_What you need to do:_ How does the data below read from its first line through the line containing "2026 Acura MDX A-Spec Package's photo"? Print those lines exactly.
↓↓↓
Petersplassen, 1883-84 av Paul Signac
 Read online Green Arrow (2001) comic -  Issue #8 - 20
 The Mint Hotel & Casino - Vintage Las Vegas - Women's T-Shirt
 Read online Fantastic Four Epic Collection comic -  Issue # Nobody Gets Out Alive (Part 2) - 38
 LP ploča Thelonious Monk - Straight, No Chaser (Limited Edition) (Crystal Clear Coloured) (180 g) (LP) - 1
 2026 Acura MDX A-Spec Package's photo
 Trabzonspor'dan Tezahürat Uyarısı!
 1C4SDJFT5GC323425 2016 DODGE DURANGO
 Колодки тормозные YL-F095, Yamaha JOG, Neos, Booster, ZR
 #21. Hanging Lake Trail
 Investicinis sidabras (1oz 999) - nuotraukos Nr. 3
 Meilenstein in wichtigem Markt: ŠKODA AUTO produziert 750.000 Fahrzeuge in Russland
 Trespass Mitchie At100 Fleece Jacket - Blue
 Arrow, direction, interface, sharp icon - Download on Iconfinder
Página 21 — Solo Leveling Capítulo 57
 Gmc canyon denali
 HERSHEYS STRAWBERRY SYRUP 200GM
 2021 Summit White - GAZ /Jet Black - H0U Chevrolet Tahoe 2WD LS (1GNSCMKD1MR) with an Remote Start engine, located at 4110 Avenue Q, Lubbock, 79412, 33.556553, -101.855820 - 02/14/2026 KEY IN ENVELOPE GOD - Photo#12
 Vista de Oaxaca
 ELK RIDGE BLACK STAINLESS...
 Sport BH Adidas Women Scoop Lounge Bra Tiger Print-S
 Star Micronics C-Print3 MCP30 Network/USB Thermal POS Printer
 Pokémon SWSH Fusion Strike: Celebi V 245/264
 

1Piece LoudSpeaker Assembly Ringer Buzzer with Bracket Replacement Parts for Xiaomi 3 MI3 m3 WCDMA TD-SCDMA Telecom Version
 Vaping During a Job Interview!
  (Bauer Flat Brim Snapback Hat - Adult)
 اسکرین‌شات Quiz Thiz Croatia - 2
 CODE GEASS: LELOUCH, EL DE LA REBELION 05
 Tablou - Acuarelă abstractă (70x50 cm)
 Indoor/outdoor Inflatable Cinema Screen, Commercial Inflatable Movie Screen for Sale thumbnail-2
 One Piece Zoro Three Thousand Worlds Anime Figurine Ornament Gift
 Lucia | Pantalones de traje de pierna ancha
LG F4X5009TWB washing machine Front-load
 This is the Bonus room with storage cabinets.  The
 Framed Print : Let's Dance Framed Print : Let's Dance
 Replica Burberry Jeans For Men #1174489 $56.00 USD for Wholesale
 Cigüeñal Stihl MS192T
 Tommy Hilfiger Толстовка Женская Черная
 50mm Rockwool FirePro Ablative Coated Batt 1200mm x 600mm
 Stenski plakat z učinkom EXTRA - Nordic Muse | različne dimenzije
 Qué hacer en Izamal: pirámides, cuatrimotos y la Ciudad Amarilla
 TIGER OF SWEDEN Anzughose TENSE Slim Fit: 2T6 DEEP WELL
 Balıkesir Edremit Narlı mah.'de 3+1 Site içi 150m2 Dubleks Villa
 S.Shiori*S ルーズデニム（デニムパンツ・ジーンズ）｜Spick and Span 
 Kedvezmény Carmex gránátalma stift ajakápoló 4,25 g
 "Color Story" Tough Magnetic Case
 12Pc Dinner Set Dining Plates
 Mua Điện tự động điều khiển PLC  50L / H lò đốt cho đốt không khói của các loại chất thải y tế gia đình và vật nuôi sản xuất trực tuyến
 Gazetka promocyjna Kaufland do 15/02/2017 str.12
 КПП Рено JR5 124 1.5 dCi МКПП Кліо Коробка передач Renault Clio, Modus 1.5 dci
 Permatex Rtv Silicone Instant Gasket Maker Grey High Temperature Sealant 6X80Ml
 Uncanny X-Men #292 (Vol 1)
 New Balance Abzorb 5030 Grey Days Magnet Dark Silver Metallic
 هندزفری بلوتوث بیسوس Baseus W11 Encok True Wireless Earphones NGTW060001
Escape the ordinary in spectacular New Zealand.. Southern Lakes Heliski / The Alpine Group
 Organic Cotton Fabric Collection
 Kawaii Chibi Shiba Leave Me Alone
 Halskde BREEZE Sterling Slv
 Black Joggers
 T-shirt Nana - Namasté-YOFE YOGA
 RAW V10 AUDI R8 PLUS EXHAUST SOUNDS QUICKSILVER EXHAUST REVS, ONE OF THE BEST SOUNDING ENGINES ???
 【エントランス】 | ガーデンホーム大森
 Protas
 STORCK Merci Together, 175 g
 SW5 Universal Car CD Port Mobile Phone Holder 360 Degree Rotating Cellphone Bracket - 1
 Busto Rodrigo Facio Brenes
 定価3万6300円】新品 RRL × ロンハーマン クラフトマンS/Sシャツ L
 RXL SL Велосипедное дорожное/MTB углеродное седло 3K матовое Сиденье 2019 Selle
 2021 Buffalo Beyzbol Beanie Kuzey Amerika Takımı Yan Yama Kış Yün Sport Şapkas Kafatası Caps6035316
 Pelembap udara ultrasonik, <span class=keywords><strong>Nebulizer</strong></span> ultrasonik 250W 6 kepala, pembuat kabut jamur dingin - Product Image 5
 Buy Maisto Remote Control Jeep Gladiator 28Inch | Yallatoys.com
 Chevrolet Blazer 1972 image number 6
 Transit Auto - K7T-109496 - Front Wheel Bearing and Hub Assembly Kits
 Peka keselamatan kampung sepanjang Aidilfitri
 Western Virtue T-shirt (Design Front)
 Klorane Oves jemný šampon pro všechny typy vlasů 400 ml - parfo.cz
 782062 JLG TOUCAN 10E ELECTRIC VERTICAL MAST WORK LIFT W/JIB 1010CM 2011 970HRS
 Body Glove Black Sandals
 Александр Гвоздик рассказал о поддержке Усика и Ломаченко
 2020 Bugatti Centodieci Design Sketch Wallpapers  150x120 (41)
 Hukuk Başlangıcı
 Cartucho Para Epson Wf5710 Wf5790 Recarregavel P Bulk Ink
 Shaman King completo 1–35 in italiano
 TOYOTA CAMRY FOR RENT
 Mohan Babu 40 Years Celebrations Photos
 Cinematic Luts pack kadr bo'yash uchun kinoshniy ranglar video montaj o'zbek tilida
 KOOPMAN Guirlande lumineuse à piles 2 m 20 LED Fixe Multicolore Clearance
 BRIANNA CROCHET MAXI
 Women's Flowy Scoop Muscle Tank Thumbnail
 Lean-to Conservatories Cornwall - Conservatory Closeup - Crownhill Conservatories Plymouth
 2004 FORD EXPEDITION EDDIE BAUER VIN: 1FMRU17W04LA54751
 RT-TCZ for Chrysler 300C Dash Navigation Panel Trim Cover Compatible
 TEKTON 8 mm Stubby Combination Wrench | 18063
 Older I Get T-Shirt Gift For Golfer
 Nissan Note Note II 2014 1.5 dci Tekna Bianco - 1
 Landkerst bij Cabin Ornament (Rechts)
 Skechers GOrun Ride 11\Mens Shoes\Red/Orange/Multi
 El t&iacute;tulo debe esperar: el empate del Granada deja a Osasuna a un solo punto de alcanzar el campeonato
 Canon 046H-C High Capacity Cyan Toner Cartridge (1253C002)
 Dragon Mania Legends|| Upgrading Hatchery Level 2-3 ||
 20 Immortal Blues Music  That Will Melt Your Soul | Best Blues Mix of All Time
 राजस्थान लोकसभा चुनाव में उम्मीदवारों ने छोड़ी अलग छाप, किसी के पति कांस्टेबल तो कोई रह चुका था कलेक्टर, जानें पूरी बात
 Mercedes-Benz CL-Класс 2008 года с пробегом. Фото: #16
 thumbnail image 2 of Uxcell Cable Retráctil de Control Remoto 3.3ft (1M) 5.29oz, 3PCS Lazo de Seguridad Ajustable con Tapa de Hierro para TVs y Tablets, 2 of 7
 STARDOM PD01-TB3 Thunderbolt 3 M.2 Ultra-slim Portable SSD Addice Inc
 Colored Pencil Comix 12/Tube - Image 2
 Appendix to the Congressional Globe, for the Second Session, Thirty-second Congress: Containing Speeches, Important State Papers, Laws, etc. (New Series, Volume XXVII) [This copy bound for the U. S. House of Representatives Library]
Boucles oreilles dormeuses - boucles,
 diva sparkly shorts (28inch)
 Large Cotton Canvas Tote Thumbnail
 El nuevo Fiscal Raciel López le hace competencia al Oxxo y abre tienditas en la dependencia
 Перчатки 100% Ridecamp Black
↑↑↑
_Written answer:_
Petersplassen, 1883-84 av Paul Signac
 Read online Green Arrow (2001) comic -  Issue #8 - 20
 The Mint Hotel & Casino - Vintage Las Vegas - Women's T-Shirt
 Read online Fantastic Four Epic Collection comic -  Issue # Nobody Gets Out Alive (Part 2) - 38
 LP ploča Thelonious Monk - Straight, No Chaser (Limited Edition) (Crystal Clear Coloured) (180 g) (LP) - 1
 2026 Acura MDX A-Spec Package's photo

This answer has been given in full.